Here is a test cut on a piece of annealed 7/8" W1 rod.  .008" advance, 1/64" radius carbide bit, "Interstate" brand from Enco, .0044" feedrate, no lube.  Silver chips and springs, some of the springs 2'+ long.







I'm thinking it's about as good as it's going to get.  Time for some serious work!


----------



## wa5cab (Feb 7, 2015)

Using a much larger radius cutter for finishing will give a much better finish (usually).

Robert D.


----------



## Dranreb (Feb 7, 2015)

You might like to try mounting your indicator directly onto the headstock, less chance of any error that way.

Bernard


----------



## Kernbigo (Feb 7, 2015)

I used to have a 10" and ran the spindle bearings with .0005 lift, using a bar in the head stock to check the lift (about 18") bar


----------



## cdhknives (Feb 7, 2015)

wa5cab said:


> Using a much larger radius cutter for finishing will give a much better finish (usually).
> 
> Robert D.



I know I need some cutters with larger radius, but finances and all, trying to buy 10 packs, and could only afford one.  I could in theory thread large material with these.  Given the amount of gouging and chatter present 6 months ago when doing the same thing, those straight, smooth cuts are beautiful to my eyes!

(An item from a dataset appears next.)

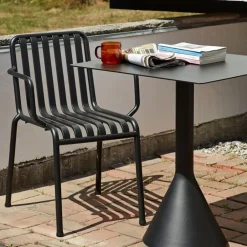HAY Mesa cuadrada de café 65x65 cm Palissade Cone, Anthracite NegroGris New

Some 320 grit with light oil and a hard backer would polish this in a minute flat.


----------



## Kernbigo (Feb 7, 2015)

I respectfully disagree a small lathe using carbide a !/64-1/32 is perfect, you have something else going on. This is the insert i use and used it on my 10" atlas and my 9" south bend samdvik insert smt 32.51-mf 3(2.5)09t304-mf 1025 ebay $4.99


----------